Рядом с этими силами возможно поставить как равноценную им силу интерес. В своей совокупности эти силы составляют тот механизм, которому подчинено всякое сознательное действие человека. Три главные пружины этого механизма — интерес, страх и моральное веление. Христианство захотело противопоставить этому механизму, опробованному в течение тысячелетий, силу любви, возведя любовь в ранг первостепенной ценности. Но последующая практика показала неоправданность надежд, возлагаемых на этот принцип. Без диверсификации душевных сил, обеспечивающей им разумную разнонаправленность, ни полноценное существование, ни выживание рода человек были бы невозможны. Подчинить все свои действия принципу любви не только невозможно для человека, но и было бы гибельно для него. Инстинкту любви самой природой указаны границы, за пределами которых он становится инстинктом деструктивным и несёт с собой не благо, но зло. Если бы Иисус был главой философской школы, он бы поостерёгся положить в основание всех дел и помыслов человека любовь. Но он был главой незначительной в то время религиозной секты, философская глубина не присуща его мысли. Но христианство чрезвычайно выиграло от этого выбора своего учителя. Новая религия стала отождествляться с религией любви и выгодно отличалась этим от других религий. Ницше верно уловил это:
«Самое сильное понятие в христианской религии, возвышающее её над остальными религиями, выражено одним словом: любовь. В этом слове есть столько многозначительного, возбуждающего и вызывающего воспоминания и надежду, что даже самый низший интеллект и самое холодное сердце чувствуют обаяние этого слова»[2].
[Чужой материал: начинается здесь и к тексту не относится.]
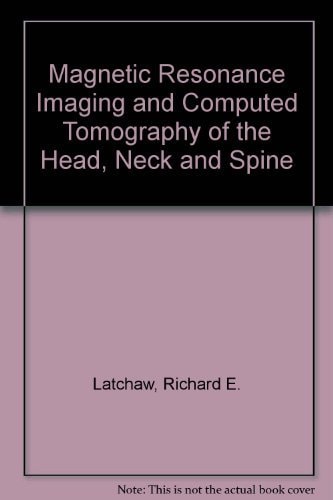 Mr and Ct Imaging of the Head, Neck, and Spine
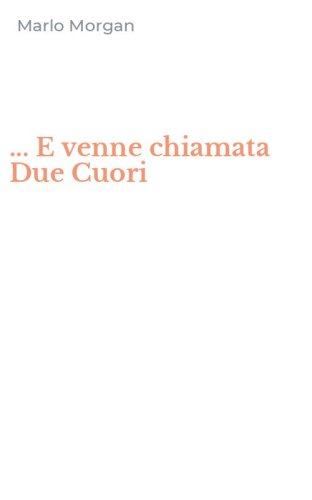... E venne chiamata Due Cuori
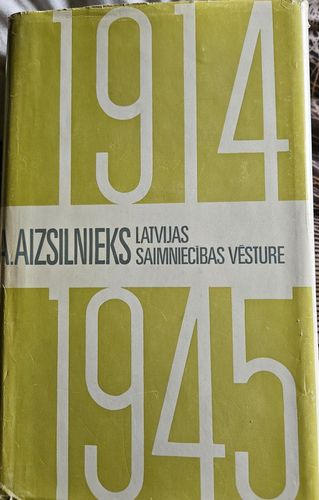 Latvijas saimniecības vēsture 1914-1945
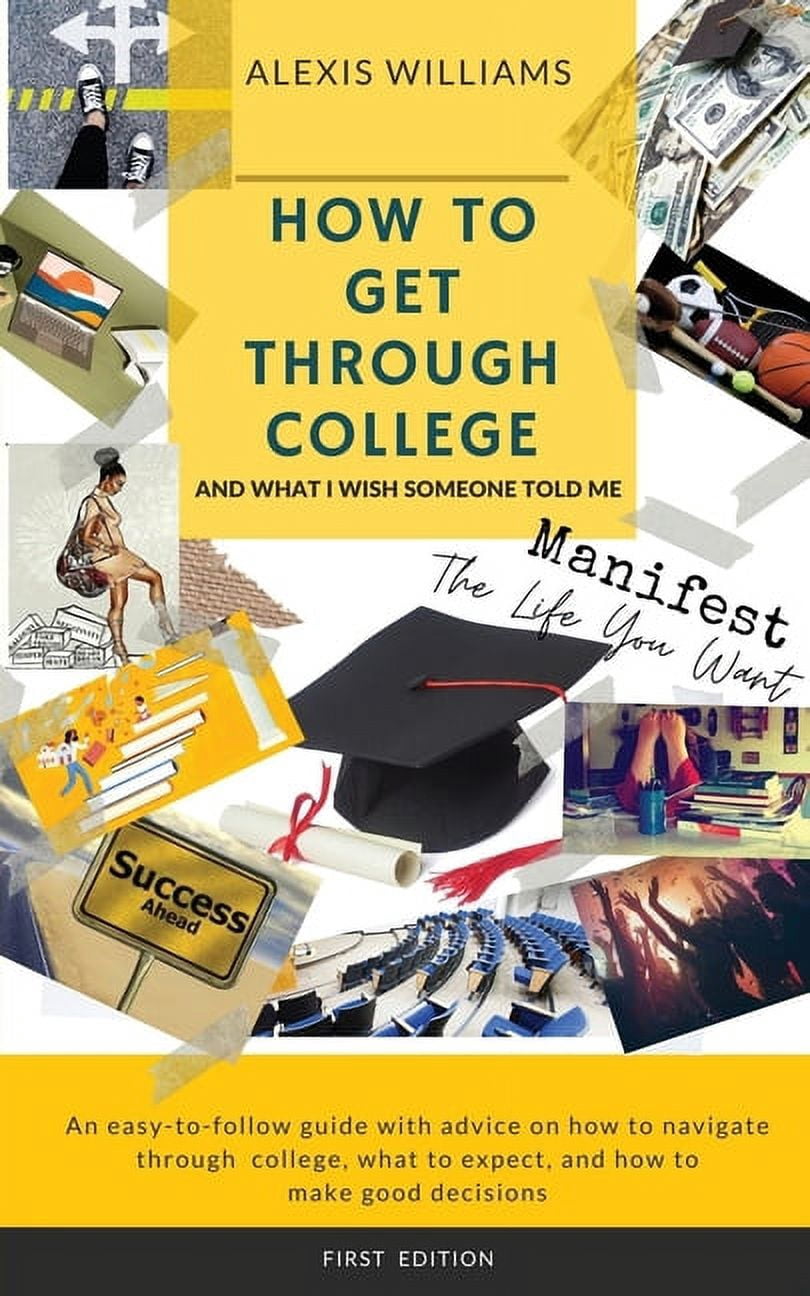 How To Get Through College: And What I Wish Someone Told Me (Paperback ...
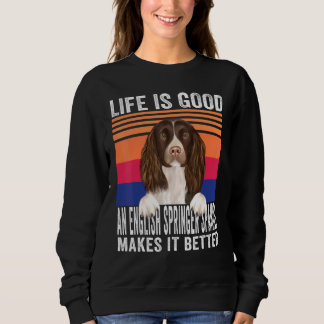 English Springer Spaniels Makes Your Life Good Vin Sweatshirt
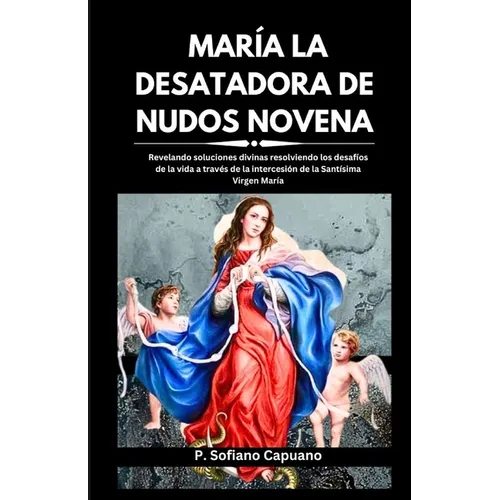 María La Desatadora de Nudos Novena: Revelando soluciones divinas resolviendo los desafíos de la vida a través de la intercesión de la Santísima Virge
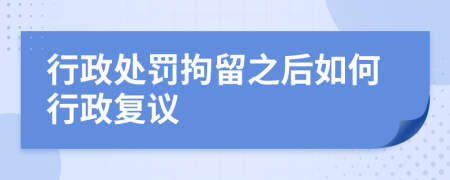 行政处罚拘留之后如何行政复议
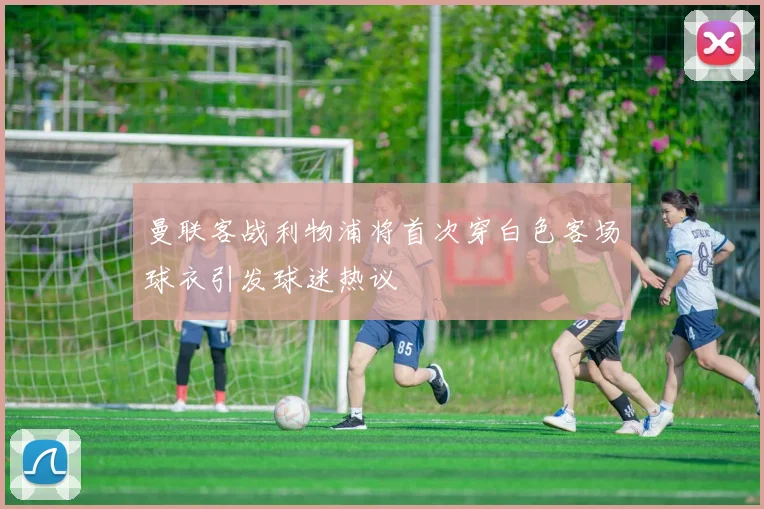 曼联客战利物浦将首次穿白色客场球衣引发球迷热议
Обосновываема ли заповедь любви или она предлагает идеал, который легко принять, но которому невозможно следовать? Идеал может быть труднодостижимым, но он не должен быть противоразумным. В большинстве случаев противоразумные идеалы имеют религиозную подоплёку. Человек может пойти на любую жертву, если его религиозность требует этого.
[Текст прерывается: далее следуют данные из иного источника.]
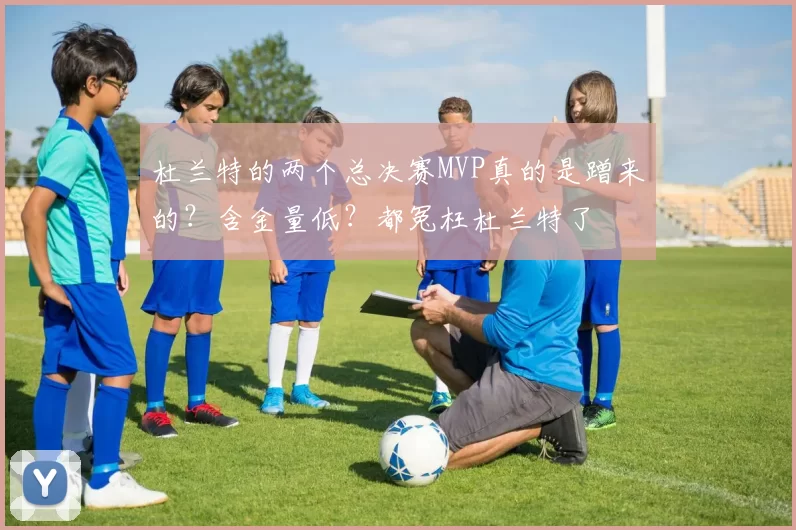 杜兰特的两个总决赛MVP真的是蹭来的？含金量低？都冤枉杜兰特了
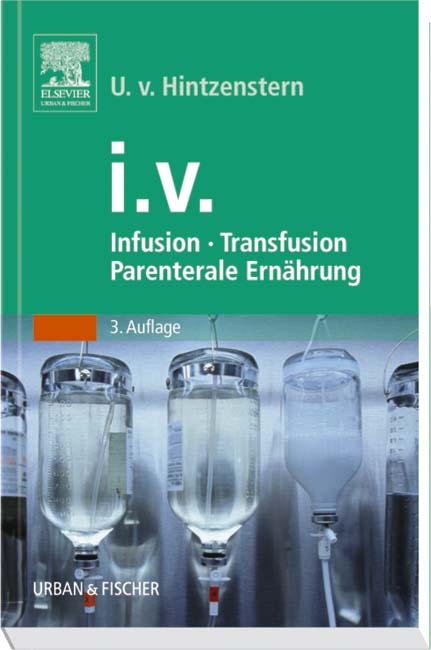 Infusion, Tranfusion und parenterale Ernährung - 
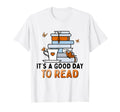 Its Good Day To Read All Together Now T-Shirt - Novelty Apparel Men Women - T-Shirt, Sweatshirt, Hoodie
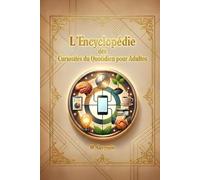 L’Encyclopédie des Curiosités du Quotidien pour Adultes: Découvrez les réponses scientifiques aux mystères du quotidien : du corps aux habitudes sociales, déconstruire les mythes.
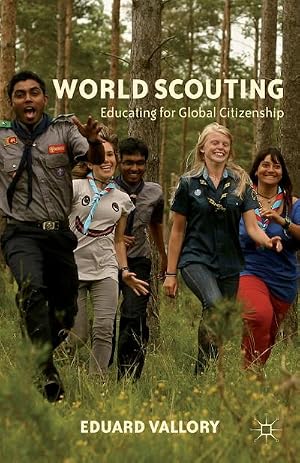 Immagine del venditore per World Scouting : Educating for Global Citizenship venduto da AHA-BUCH GmbH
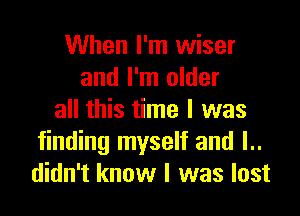 When I'm wiser
and I'm older

all this time I was
finding myself and l..
didn't know I was lost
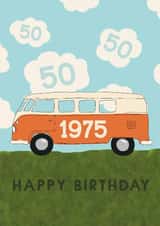 Classic 50th Birthday Card - Campervan - 1975 created by Giddy Kipper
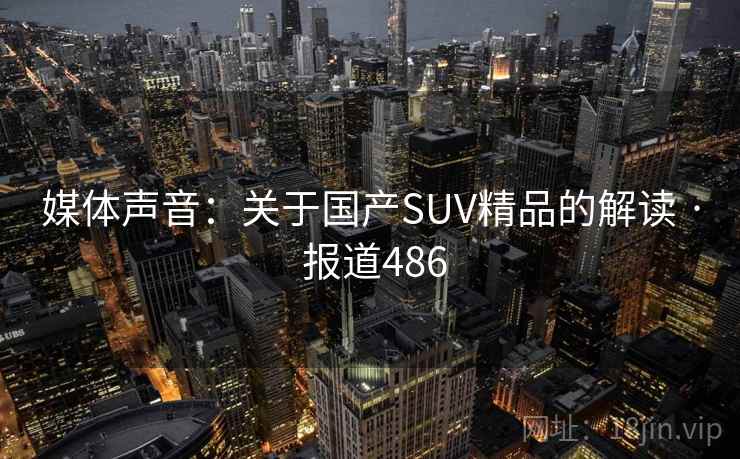 媒体声音:关于国产SUV精品的解读 · 报道486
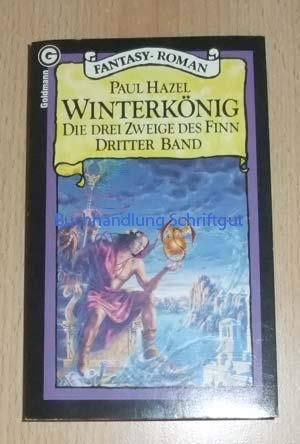 Die drei Zweige des Finn III. Winterkönig. Books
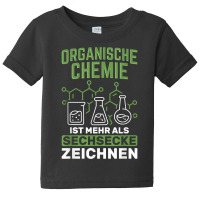 Organic Chemistry More Than Hexagons, Chemistry T Shirt Baby Tee | Artistshot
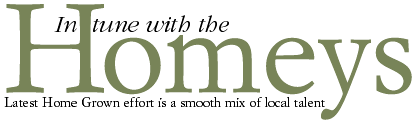 In tune with the Homeys -- Latest Home Grown effort is a smooth mix of local talent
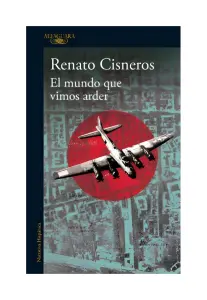 El Mundo Que Vimos Arder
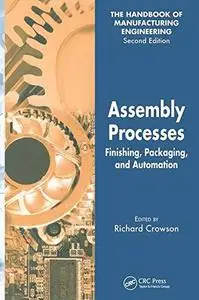 Assembly Processes: Finishing, Packaging, and Automation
Идеал всеобщей любви и недостижим, и противоразумен. Любовью всех ко всем любовь была бы обесценена. Все бы оказались связаны ровным, одинаковым для всех отношением, которое было бы чем угодно, но не любовью, и, скорее всего, не замечалось бы, как не замечается воздух как среда, окружающая человека постоянно. Любовь потому высокая ценность, что любить дано не каждому, и не каждому дано быть любимым.
Человек способен в одинаковой мере к любви и к ненависти. Он не меньше ненавидит, чем любит. Он редко по-настоящему любит и по-настоящему ненавидит. В этих противоположных чувствах берут начало как моральные, так и аморальные помыслы и поступки. Неспособность ненавидеть может быть не меньшим злом, чем неспособность любить. Но самым большим злом было бы для человека, если бы он был способен только любить. У любви должна быть свобода выбора. Даже Бога человек должен иметь возможность выбирать себе, и он должен иметь возможность выбирать, любить ему Бога или нет. Он должен иметь всё то, что ему запрещает иметь заповедь любви.
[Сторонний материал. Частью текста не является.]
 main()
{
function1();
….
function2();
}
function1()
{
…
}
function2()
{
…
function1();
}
Какое обвинение можно выдвинуть против аморализма, кроме того, что с ним связано страдание ближнего? Страдание ближнего может быть заслужено им. Когда страдание заслужено нами самими, мы порой беспрекословно принимаем его, даже ищем его — например, когда оно воспринимается как искупление вины. Аморальное поведение осуждается; но не может быть указано достаточное основание, почему человеку не должны быть присущи качества, заслуживающие осуждения. Аморальные помыслы и поступки — это ценные моральные ориентиры, указывающие человеку, каким он не должен быть. Не только удовольствием склоняется каждый к поведению, способствующему его благу, но и неудовольствием и болью. Моральные и аморальные поступки и помыслы как нравственные ориентиры равноценны.
Только моральные поступки не представляли бы для человека ценности. Тем, что он любит добро, человек обязан не заповедям, но своему аморализму. Невозможностью зла исключалась бы возможность добра. Христианская мысль не поднимается над односторонней точкой зрения на человека и мораль. Так называемые «дурные» страсти и склонности, и проистекающие из них поступки не низменны и не греховны сами по себе; низменными и греховными их делают низменные мотивы. Высокие мотивы, напротив, возвышают и облагораживают любую страсть и склонность. Зло добро, если оно обусловлено высокими мотивами, а добро зло, если оно обусловлено низменными мотивами. Но по незнанию мотивов оно может быть принято за добро.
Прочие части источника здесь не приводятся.